VALIDATION: Punch list ranked by impact, capped at top 20 items. Each P0/P1 includes a code-level fix or precise file path.

============================================================
=== SELF-REVIEW ===
============================================================

Score 1–5:

- **Complete**: All 8 phases ran? AI crawler parity tested? CWV measured on both mobile + desktop?
- **Robust**: Handled CSR sites, paywalled sites, rate limits, missing tools?
- **Clean**: Punch list is prioritized, not a 200-item dump?
- **2026-current**: References INP (not FID), AI Overview citations, llms.txt, entity density, E-E-A-T binary gating? Doesn't recommend obsolete tactics (keyword density tuning, exact-match anchors at scale, doorway pages)?
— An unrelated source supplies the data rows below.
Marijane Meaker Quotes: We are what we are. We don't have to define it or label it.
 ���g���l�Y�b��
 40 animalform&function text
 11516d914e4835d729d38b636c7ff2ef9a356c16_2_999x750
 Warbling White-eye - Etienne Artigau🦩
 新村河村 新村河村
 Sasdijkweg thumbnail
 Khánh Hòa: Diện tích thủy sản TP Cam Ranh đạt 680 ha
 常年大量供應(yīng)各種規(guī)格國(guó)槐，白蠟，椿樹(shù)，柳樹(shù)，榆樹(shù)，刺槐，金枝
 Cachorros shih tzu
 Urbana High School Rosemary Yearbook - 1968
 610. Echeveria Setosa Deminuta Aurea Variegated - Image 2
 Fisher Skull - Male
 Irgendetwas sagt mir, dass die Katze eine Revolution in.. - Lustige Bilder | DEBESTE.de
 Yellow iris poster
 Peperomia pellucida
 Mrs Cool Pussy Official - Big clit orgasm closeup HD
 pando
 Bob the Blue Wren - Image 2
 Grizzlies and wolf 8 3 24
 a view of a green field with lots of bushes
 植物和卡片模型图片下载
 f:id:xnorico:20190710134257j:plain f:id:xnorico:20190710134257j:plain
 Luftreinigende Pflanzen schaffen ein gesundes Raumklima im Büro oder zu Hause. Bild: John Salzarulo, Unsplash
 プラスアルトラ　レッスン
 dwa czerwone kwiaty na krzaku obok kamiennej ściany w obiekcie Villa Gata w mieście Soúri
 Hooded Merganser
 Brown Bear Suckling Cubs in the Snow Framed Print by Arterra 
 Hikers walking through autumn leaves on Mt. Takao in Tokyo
Most common gap: failing to test AI crawler parity AND not measuring INP. These are the two table-stakes items that catch teams still running 2023-era audits.

============================================================
=== LEARNINGS CAPTURE ===
============================================================

Append to `~/.claude/skills/seo-audit-2026/LEARNINGS.md`:

## <YYYY-MM-DD> — <site, vertical, framework>

- **What worked:** <approach that produced clean output>
- **What was awkward:** <retry/manual fix needed>
- **Suggested patch:** <concrete improvement>
- **Verdict:** [Smooth / Minor friction / Major friction]

============================================================
=== STRICT RULES ===
============================================================

- Never use FID. It was retired March 2024. Use INP.
- Never recommend keyword density tuning. Entity density and topical authority are the modern signals.
- Never dump a 200-item checklist. Prioritize.
- Never claim "SEO complete" without AI crawler parity + schema validation + entity audit.
- Never overlook E-E-A-T author entity. 96% of AI citations come from strong-EEAT sources — it's a gate, not a polish.
- If the user only wants the AI search portion, route to `/geo-optimize` instead of running the full classic audit.